A nova interpretação constitucional não procura mais por um único sentido válido para todas as situações sobre as quais incidam, porque diante das cláusulas constitucionais de sentido aberto, com conteúdo principiológico e extremamente dependente da realidade subjacente, o texto pode demarcar apenas uma moldura dentro da qual se desenham diferentes possibilidades interpretativas em determinados casos.

Evidente que permanecem as normas que não dão margem a uma interpretação constitucional mais complexa, quanto ao presente tópico é importante ressaltar o que afirma o professor Luís Roberto Barroso [13]:

Muitas situações subsistem em relação às quais a interpretação constitucional envolverá uma operação intelectual singela, de mera subsunção de determinado fato à norma. Tal constatação é especialmente verdadeira em relação à Constituição brasileira, povoada de regras de baixo teor valorativo, que cuidam do varejo da vida.

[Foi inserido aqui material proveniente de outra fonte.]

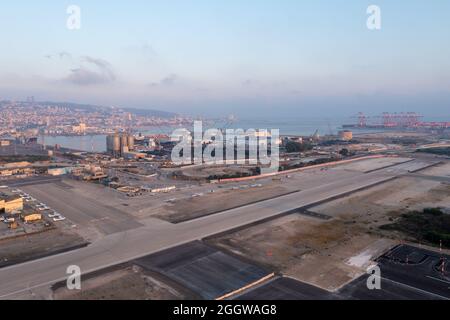 Haifa Flughafen und Start- und Landebahn mit der Skyline der Stadt im Hintergrund, Luftaufnahme. Stockfoto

Alguns exemplos de normas que, de ordinário, não dão margem a maiores especulações teóricas: (i) implementada a idade para a aposentadoria compulsória, o servidor público deverá passar para a inatividade...; (ii) o menor de trinta e cinco anos não é elegível para o cargo de Senador da República...; (iii) não é possível o divórcio antes de um ano da separação judicial...

Nesse norte, quando está a se falar em nova interpretação constitucional, normatividade dos princípios, ponderação de valores, teoria da argumentação, tudo fruto de uma evolução seletiva, que preserva vários conceitos clássicos, mas também segue agregando novas teorias e idéias, não está a se negar, nem tampouco afastar, a importância das técnicas e premissas convencionais já tratadas anteriormente.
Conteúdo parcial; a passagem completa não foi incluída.